Fork me on GitHub
  • API

    Show / Hide Table of Contents

    Class DirectoryTaxonomyWriter

    ITaxonomyWriter which uses a Lucene.Net.Store.Directory to store the taxonomy information on disk, and keeps an additional in-memory cache of some or all categories.

    In addition to the permanently-stored information in the Lucene.Net.Store.Directory, efficiency dictates that we also keep an in-memory cache of recently seen or all categories, so that we do not need to go back to disk for every category addition to see which ordinal this category already has, if any. A ITaxonomyWriterCache object determines the specific caching algorithm used.

    For extending classes that need to control the Lucene.Net.Index.IndexWriter instance that is used, please see DirectoryTaxonomyIndexWriterFactory class.

    Note

    This API is experimental and might change in incompatible ways in the next release.

    Inheritance
    object
    DirectoryTaxonomyWriter
    Implements
    ITaxonomyWriter
    IDisposable
    ITwoPhaseCommit
    Inherited Members
    object.Equals(object)
    object.Equals(object, object)
    object.GetHashCode()
    object.GetType()
    object.MemberwiseClone()
    object.ReferenceEquals(object, object)
    object.ToString()
    Namespace: Lucene.Net.Facet.Taxonomy.Directory
    Assembly: Lucene.Net.Facet.dll
    Syntax
    public class DirectoryTaxonomyWriter : ITaxonomyWriter, IDisposable, ITwoPhaseCommit

    Constructors

    DirectoryTaxonomyWriter(DirectoryTaxonomyIndexWriterFactory, Directory)

    Create this with Lucene.Net.Index.OpenMode.CREATE_OR_APPEND and CreateDefaultTaxonomyWriterCache().

    Declaration
    public DirectoryTaxonomyWriter(DirectoryTaxonomyIndexWriterFactory indexWriterFactory, Directory directory)
    Parameters
    Type Name Description
    DirectoryTaxonomyIndexWriterFactory indexWriterFactory

    The DirectoryTaxonomyIndexWriterFactory to use to create the Lucene.Net.Index.IndexWriter.

    Directory directory

    The Lucene.Net.Store.Directory in which to store the taxonomy. Note that the taxonomy is written directly to that directory (not to a subdirectory of it).

    DirectoryTaxonomyWriter(DirectoryTaxonomyIndexWriterFactory, Directory, OpenMode, ITaxonomyWriterCache)

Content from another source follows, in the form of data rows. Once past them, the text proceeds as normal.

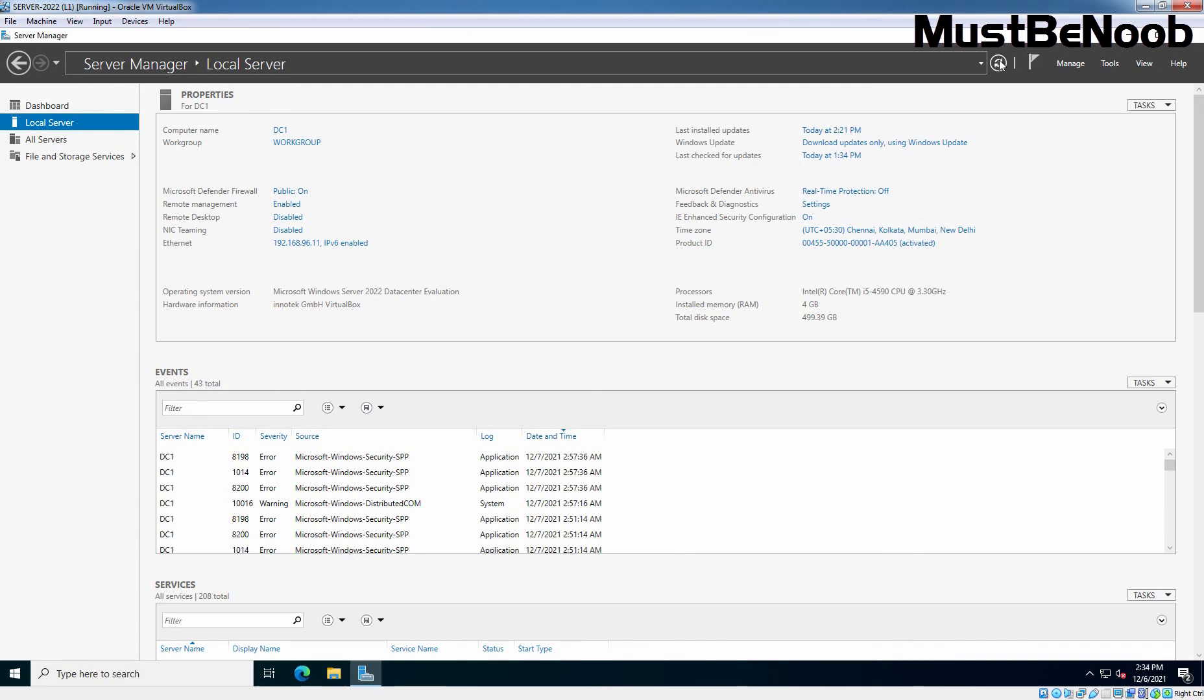So, in this lab guide, we have successfully configured the static IP address on Windows Server 2022 computer. In the next lab guide, we will install and configure active directory domain services on Windows Server 2022 computer to promote this server as a primary domain controller in a new forest.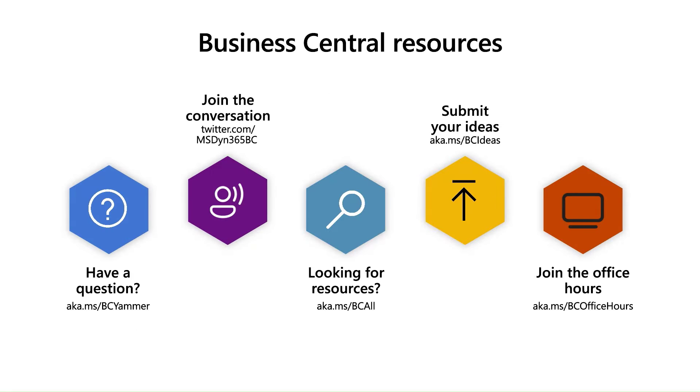If you want to learn more, make sure to visit our Business Central resources, including our documentation, Yammer, and more. Thank you for watching.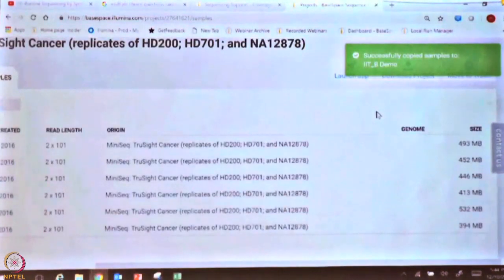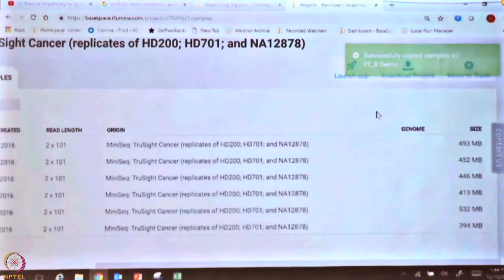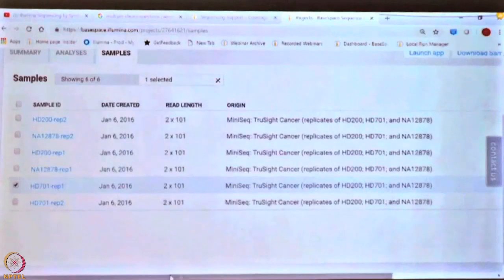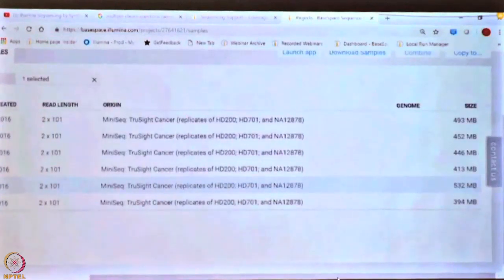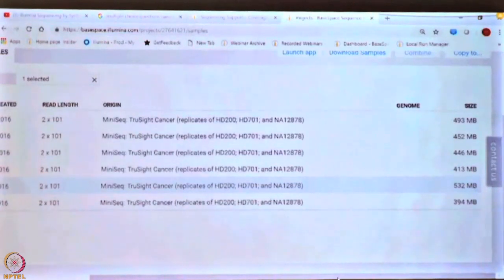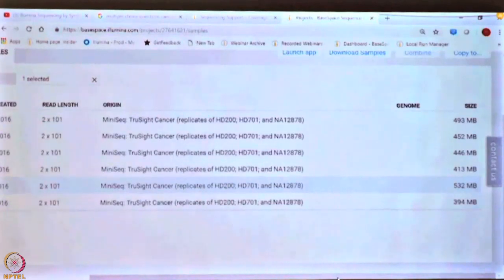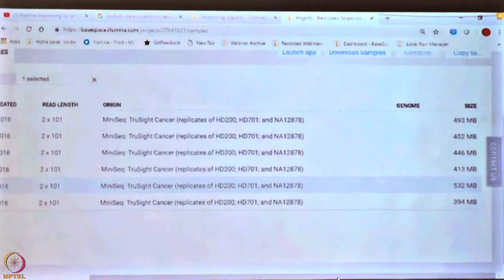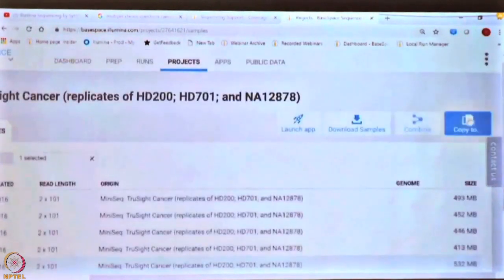The reason we are doing this is to show you how data sharing works on BaseSpace. The key thing we wanted to demonstrate is how you can share data across different users, because this is meant to be a collaborative platform. If there are any public datasets that you want to analyze, this is how you would import that data into your own workspace so that you can run your own analysis.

    Construct a Taxonomy writer.

    Declaration
    public DirectoryTaxonomyWriter(DirectoryTaxonomyIndexWriterFactory indexWriterFactory, Directory directory, OpenMode openMode, ITaxonomyWriterCache cache)
    Parameters
    Type Name Description
    DirectoryTaxonomyIndexWriterFactory indexWriterFactory

    A DirectoryTaxonomyIndexWriterFactory implementation that can be used to customize the Lucene.Net.Index.IndexWriter configuration and writer itself that's used to store the taxonomy index.

    Directory directory

    The Lucene.Net.Store.Directory in which to store the taxonomy. Note that the taxonomy is written directly to that directory (not to a subdirectory of it).

    OpenMode openMode

    Specifies how to open a taxonomy for writing: Lucene.Net.Index.OpenMode.APPEND means open an existing index for append (failing if the index does not yet exist). Lucene.Net.Index.OpenMode.CREATE means create a new index (first deleting the old one if it already existed). Lucene.Net.Index.OpenMode.CREATE_OR_APPEND appends to an existing index if there is one, otherwise it creates a new index.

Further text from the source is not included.